Month: August 2016
DBMS client applications need to store SQL query results in local memory or local files. The format is flat and the fields are ordered — that’s “serialization”. The most important serializer format uses human-readable markup, like
[start of field] [value] [end of field]
and the important ones in the MySQL/MariaDB world are CSV (what you get with SELECT … INTO OUTFILE or LOAD INFILE), XML (what you get with –xml or LOAD XML), and JSON (for which there are various solutions if you don’t use MySQL 5.7).
The less important serializer format uses length, like
[length of value] [value]
and this, although it has the silly name “binary serialization”, is what I want to talk about.
The length alone isn’t enough, we also need to know the type, so we can decode it correctly. With CSV there are hints such as “is the value enclosed in quotes”, but with binary serializers the value contains no hints. There has to be an indicator that says what the type is. There might be a single list of types for all of the records, in which case the format is said to “have a schema”. Or there might be a type attached to each record, like
[type] [length of value] [value]
in which case the format is often called “TLV” (type-length-value).
Binary serializers are better than markup serializers if you need “traversability” — the ability to skip to field number 2 without having to read every byte in field number 1. Binary TLV serializers are better than binary with-schema serializers if you ned “flexibility” — when not every record has the same number of fields and not every field has the same type. But of course TLV serializers might require slightly more space.

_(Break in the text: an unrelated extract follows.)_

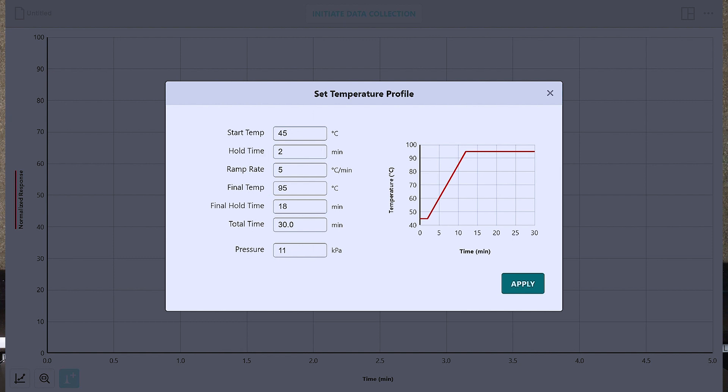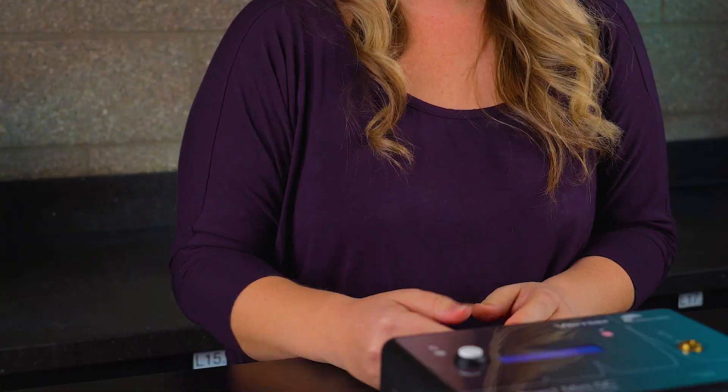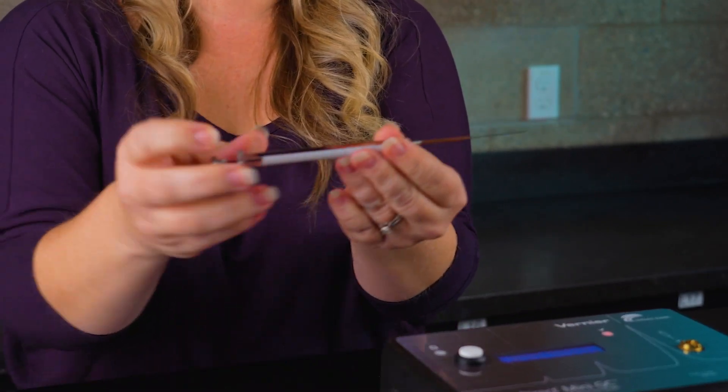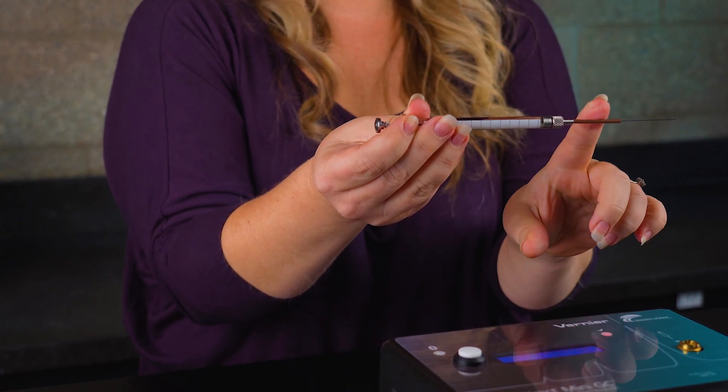The default settings are great for giving you a general idea of detection and separation limits, but it is by no means the only option. In fact, for the mixture I'm running today, I want to change the temperature and ramp rate and the pressure. Now we just have to wait until the instrument equilibrates to the appropriate temperature and pressure. While it's doing that, we want to make sure we rinse the syringe with the solution we are going to inject. It is worth noting that the syringe is quite fragile, so you will want to spend some time with your students walking them through proper syringe technique.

A “good” binary serializer will have two Characteristics:
#1 It is well known, preferably a standard with a clear specification, but otherwise a commonly-used format with a big sponsor. Otherwise you have to write your own library and you will find out all the gotchas by re-inventing a wheel. Also, if you want to ship your file for import by another application, it would be nice if the other application knew how to import it.

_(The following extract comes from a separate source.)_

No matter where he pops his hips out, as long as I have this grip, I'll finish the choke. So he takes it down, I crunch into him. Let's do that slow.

#2 It can store anything that comes out of MySQL or MariaDB.
Unfortunately, as we’ll see, Characteristic #1 and Characteristic #2 are contradictory. The well-known serializers usually were made with the objective of storing anything that comes out of XML or JSON, or that handled quirky situations when shipping over a wire. So they’re ready for things that MySQL and MariaDB don’t generate (such as structured arrays) but not ready for things that MySQL and MariaDB might generate (such as … well, we’ll see as I look at each serializer).
To decide “what is well known” I used the Wikipedia article Comparison of data serialization formats. It’s missing some formats (for example sereal) but it’s the biggest list I know of, from a source that’s sometimes neutral. I selected the binary serializers that fit Characteristic #1. I evaluated them according to Characteristic #2.
I’ll look at each serializer. Then I’ll show a chart. Then you’ll draw a conclusion.
Has schemas. Not standard but sponsored by Apache.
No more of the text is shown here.